The deduplication happens downstream, not in Zerobus itself. Include a unique identifier (UUID, composite key) in every record so you can detect and discard duplicates in your consumers or downstream pipelines.

  • 15,000 rows/s and 100 MB/s per stream are hard caps — you won’t get a clear error when you exceed them. Throughput silently degrades as the server throttles. If your producer seems slow, check whether you’ve hit the per-stream ceiling and split into multiple streams.
  • 10 MB max message size — a single record larger than 10 MB (10,485,760 bytes) is rejected. This usually happens with wide schemas containing large binary or nested struct columns. Flatten or split the data before ingestion.
  • Single-AZ deployment means zone outages affect you — Zerobus runs in one availability zone. A zone failure takes down the service until the zone recovers. Your retry logic must handle outages lasting minutes, not just seconds. Cap backoff at 30s and keep retrying.
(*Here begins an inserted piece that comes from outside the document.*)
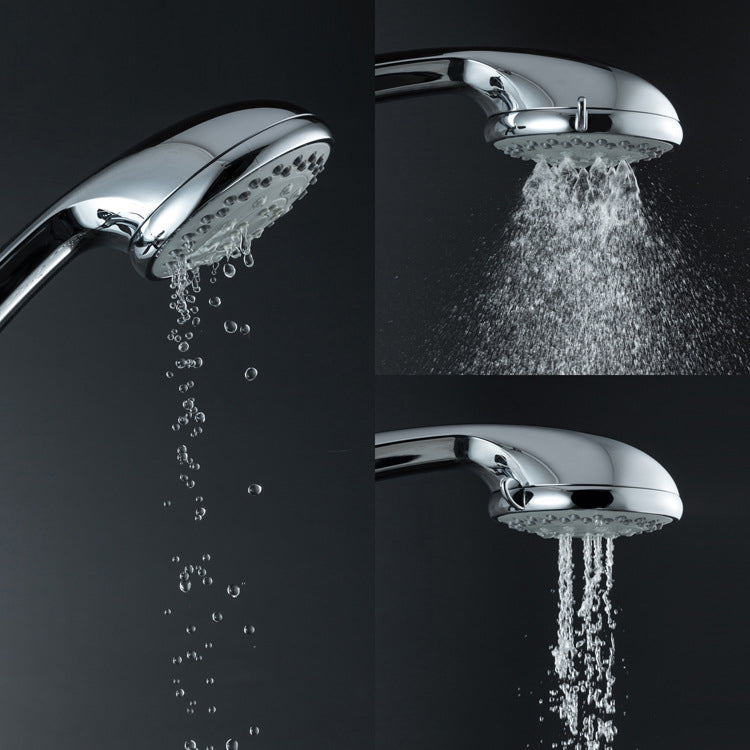 Lisslune | Single Double Showerhead Square High Arc Showerhead Combo in Chrome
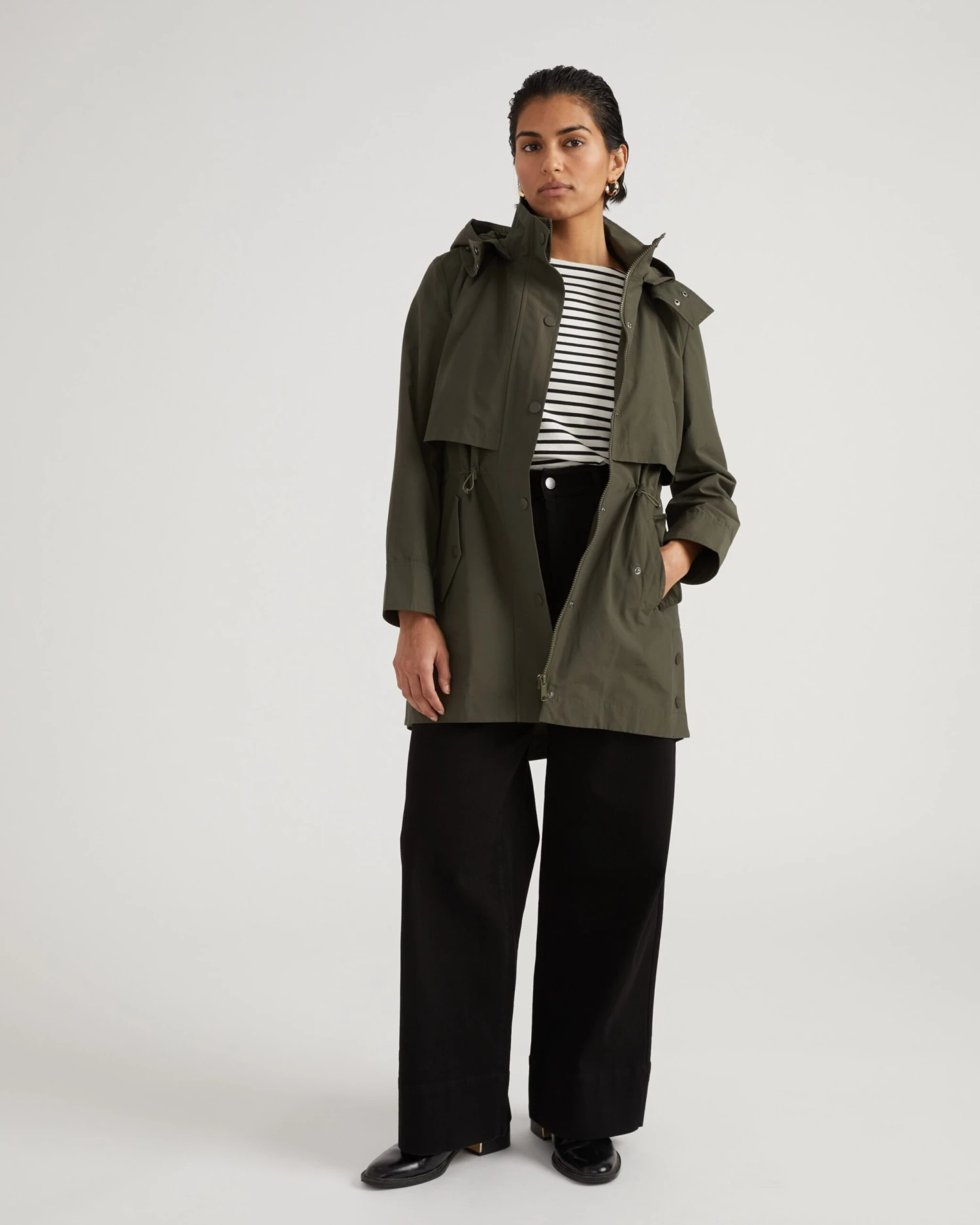 Camo Water-Resistant Parka - Precision Hooded Weatherproof Jacket 4 Camo Water-Resistant Parka - Precision Hooded Weatherproof Jacket - Image 2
  • Server closes streams during maintenance — you’ll see a “stream closed” error with no warning. This is expected behavior. Always implement stream reinitialization in your retry loop, not just record-level retries.
  • At-least-once delivery means duplicates are inevitable — any retry that succeeds after a timeout can produce duplicates. Build deduplication into your downstream consumers from day one, not after you discover the duplicates in production.
  • No automatic schema evolution — adding a column to the table without regenerating the .proto causes a silent mismatch. The new column gets null values. Removing a column from the table while the old .proto still references it causes ingestion failures.
  • Managed Delta tables only — external tables, views, and non-Delta formats are not supported. The table must be managed within Unity Catalog in a supported region.
  • Workspace must be in a supported region — AWS supports 9 regions, Azure supports 11. Check the Setup & Authentication page for the full list. Attempting to connect from an unsupported region gives a generic connection error.